Sementara itu, terhadap keputusan menteri 2020, Majelis Hakim tingkat pertama dalam fakta hukum dan pertimbangan hukumnya menyimpulkan bahwa tergugat telah mempertimbangkan seluruh putusan pidana dan perdata sebelum menerbitkan objek sengketa. 

Majelis Hakim juga menyimpulkan tergugat telah mencatat seluruh dasar penerbitan objek sengketa, yakni berupa putusan pidana dan perdata tersebut di dalam bagian ‘menimbang’ objek sengketa. Oleh karena itu majelis hakim berkesimpulan penerbitan objek sengketa sudah sesuai ketentuan dan asas-asas umum pemerintahan yang baik. 

Atas dasar itulah majelis hakim tingkat pertama menolak gugatan para penggugat dalam perkara ini. Pengadilan tingkat banding juga kemudian menguatkan putusan pengadilan tingkat pertama sehingga perkara bergulir ke tingkat kasasi.  

Majelis Hakim Agung pada pokoknya berpendapat bahwa “putusan peradilan pidana yang telah menghukum penggugat tidak serta merta dapat menghilangkan hak keperdataannya”. Meskipun terdapat putusan pidana, putusan peradilan tata usaha negara harus didasarkan pada fakta hukum yang paling relevan dan mutakhir.

Mahkamah Agung menilai bahwa Surat Keputusan pencabutan sertifikat (objek sengketa) diterbitkan berdasarkan putusan perdata di mana putusan perdata tersebut telah dibatalkan oleh putusan PK perdata. Dengan adanya putusan PK perdata yang mengembalikan status penggugat sebagai ahli waris, maka dasar hukum untuk menerbitkan Surat Keputusan pencabutan (menteri) sertifikat tersebut menjadi tidak lagi sah.

Majelis juga menegaskan bahwa ketentuan Pasal 2 huruf e Undang-Undang Nomor 9 Tahun 2004 tidak dapat diterapkan.
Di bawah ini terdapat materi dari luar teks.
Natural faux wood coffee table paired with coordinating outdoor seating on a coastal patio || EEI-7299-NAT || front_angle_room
Ketentuan ini hanya berlaku jika putusan pengadilan yang menjadi dasar Keputusan Tata Usaha Negara (KTUN) bersifat tunggal dan sejalan.

Sebaliknya, apabila terdapat beberapa putusan yang saling bertentangan, seperti putusan pidana dan putusan perdata yang kemudian berubah akibat PK, maka KTUN yang diterbitkan tidak dapat dipertahankan.
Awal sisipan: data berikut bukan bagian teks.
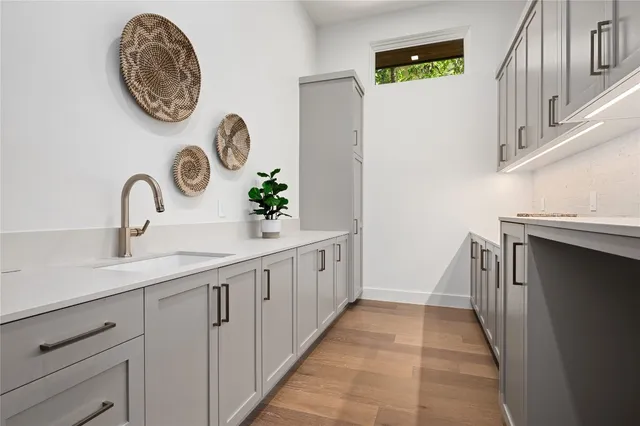 a view of small space with wooden floor and a window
Dalam perkara ini, penggugat dalam novumnya saat peninjauan kembali mengajukan bukti surat berupa akta nikah orangtuanya di mana bukti novum itu tidak sama dengan duplikat akta kawin nenek dan kakek penggugat yang dijadikan bukti dalam kasus pidananya. Putusan PK juga kemudian yakin dengan bukti novum tersebut dan mengembalikan penggugat sebagai ahli waris dari orangtuanya. 

Oleh karena itu, Mahkamah Agung mengabulkan permohonan PK Penggugat dan membatalkan Surat Keputusan yang mencabut sertifikatnya. 
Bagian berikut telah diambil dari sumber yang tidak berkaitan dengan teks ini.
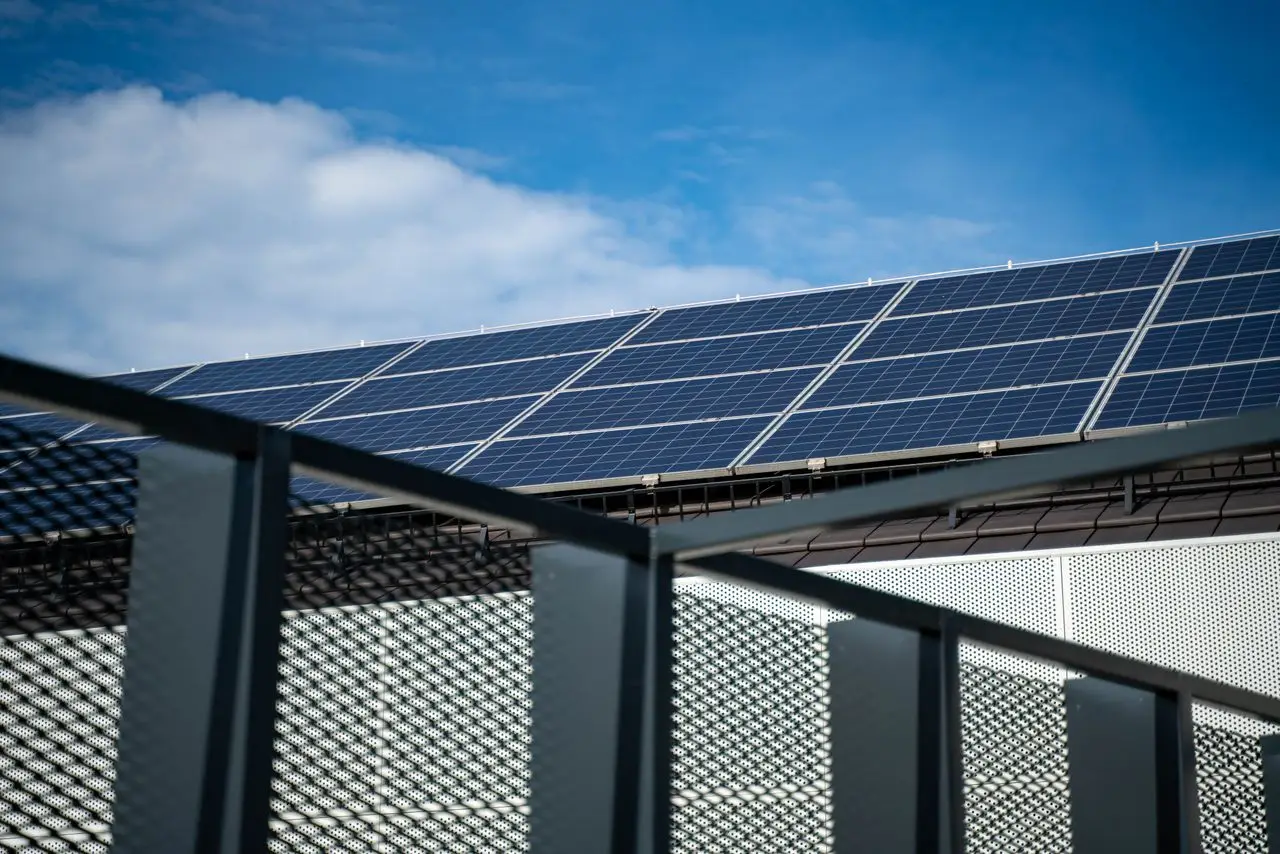 Mastering the First Impression: Your intriguing post title goes here Close-up view of modern solar panels on a rooftop against a clear blue sky, representing clean energy.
Keputusan ini menjadi landmark penting yang mengukuhkan prinsip bahwa peradilan tata usaha negara harus tetap independen dan mempertimbangkan semua fakta hukum yang ada, serta tidak dapat secara otomatis terikat pada putusan pidana yang tidak secara langsung menghilangkan hak keperdataan.

Kaidah hukum yang dihasilkan dari putusan ini adalah “Bukti surat yang menjadi dasar alas hak kepemilikan penggugat adalah berbeda dengan surat-surat yang dinyatakan palsu oleh perkara pidananya, oleh karenanya putusan pidana tidak dapat membatalkan hak keperdataan (kepemilikan hak atas tanah) penggugat”.